Co-designing primary care that communities want and will use
In collaboration with Rush University College of Nursing and The Community Builders, with support from the Segal Family Foundation.
Kim Erwin
Director, Equitable Healthcare Lab; Associate Professor of Healthcare Design and Design Methods
Santosh Basapur
Assistant Professor, Department of Family Medicine, Rush Medical College
Angela Moss
Assistant Dean of Faculty Practice, Rush University
Rose Mabwa
Senior Manager, The Community Builders
Terry Gallagher
Family Nurse Practitioner, Sue Gin Health Center, Oakley Square
CHALLENGE
What would a community-optimized clinic provide to residents?

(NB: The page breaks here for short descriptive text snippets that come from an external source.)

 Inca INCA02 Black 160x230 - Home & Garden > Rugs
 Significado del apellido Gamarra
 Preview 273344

Primary care is essential to equity, but it’s underused by residents in high hardship communities. Creating community-effective care models — care that residents actually want and will use—is essential to uptake. But what services do residents desire and trust?
APPROACH
We ran 9 co-design workshops with residents of a Section 8 housing complex on Chicago’s West Side. These generative sessions identified local priorities, preferred primary care services, and principles for service delivery. Participants were grouped into 1) parents of young children 2) male teenagers 3) “seasoned citizens” over 55.
OUTCOME
Mental health was the number one priority. Yes, they reported diabetes, mobility issues, chronic pain, etc. But this is not what keeps them up at night. “We need grief counseling. We need anger management.”

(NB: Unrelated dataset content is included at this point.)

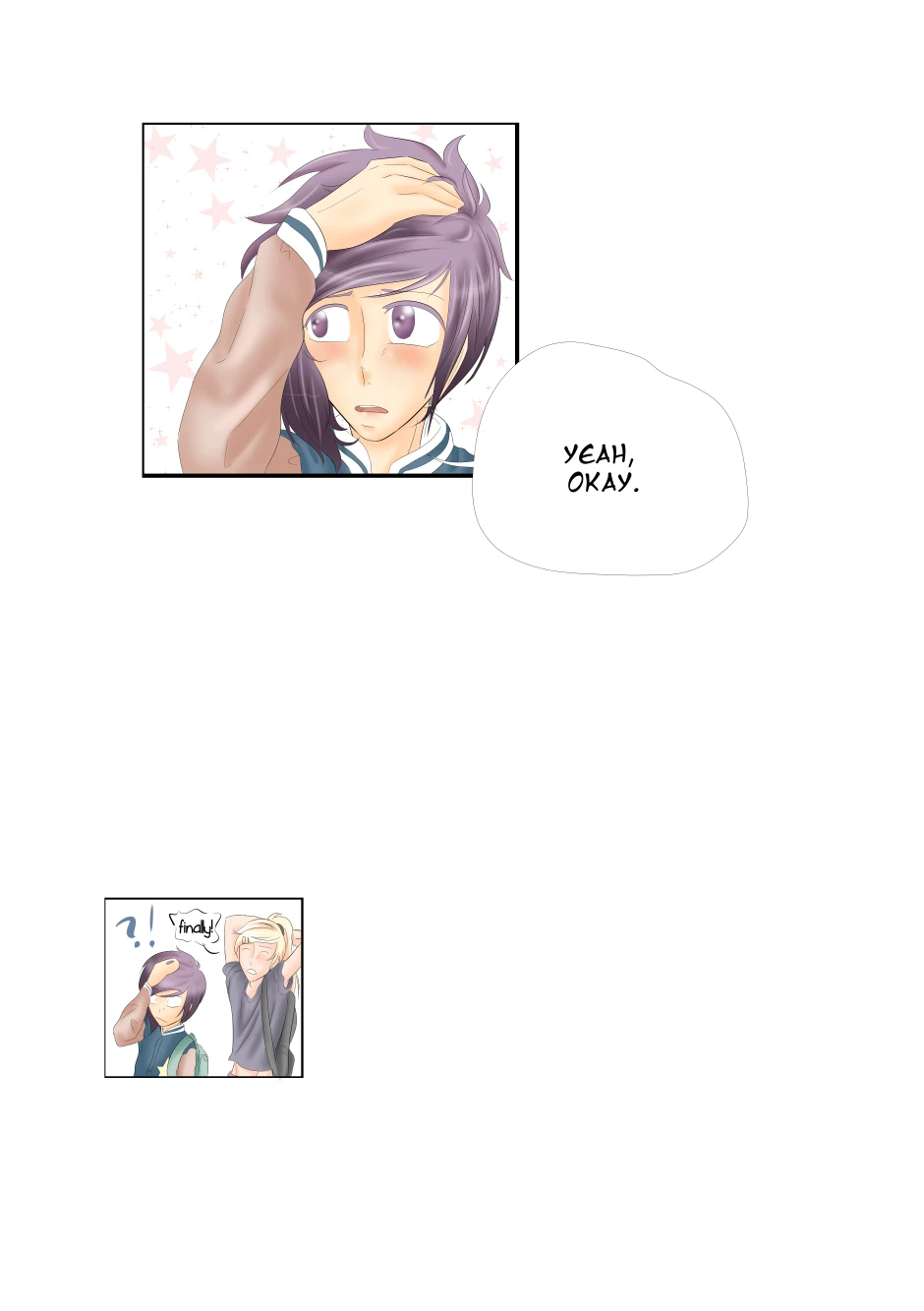 2 - Chapter End, halaman 19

Peer-to-peer and group interventions were widely preferred over an individual therapeutic model. Participants highlighted that community members uniquely understand the real-world setting in which they live and struggle. And there is wisdom in their community that should be brought together and shared. They seek help growing themselves, families, community, and they want to avoid solutions that foster dependency on outsiders. Participants then designed a progression of mental health support services that promote self-reliance and localized problem-solving. This approach naturalizes talking about hardship (reducing stigma), shifts power to residents, promotes resiliency and stewardship in the community.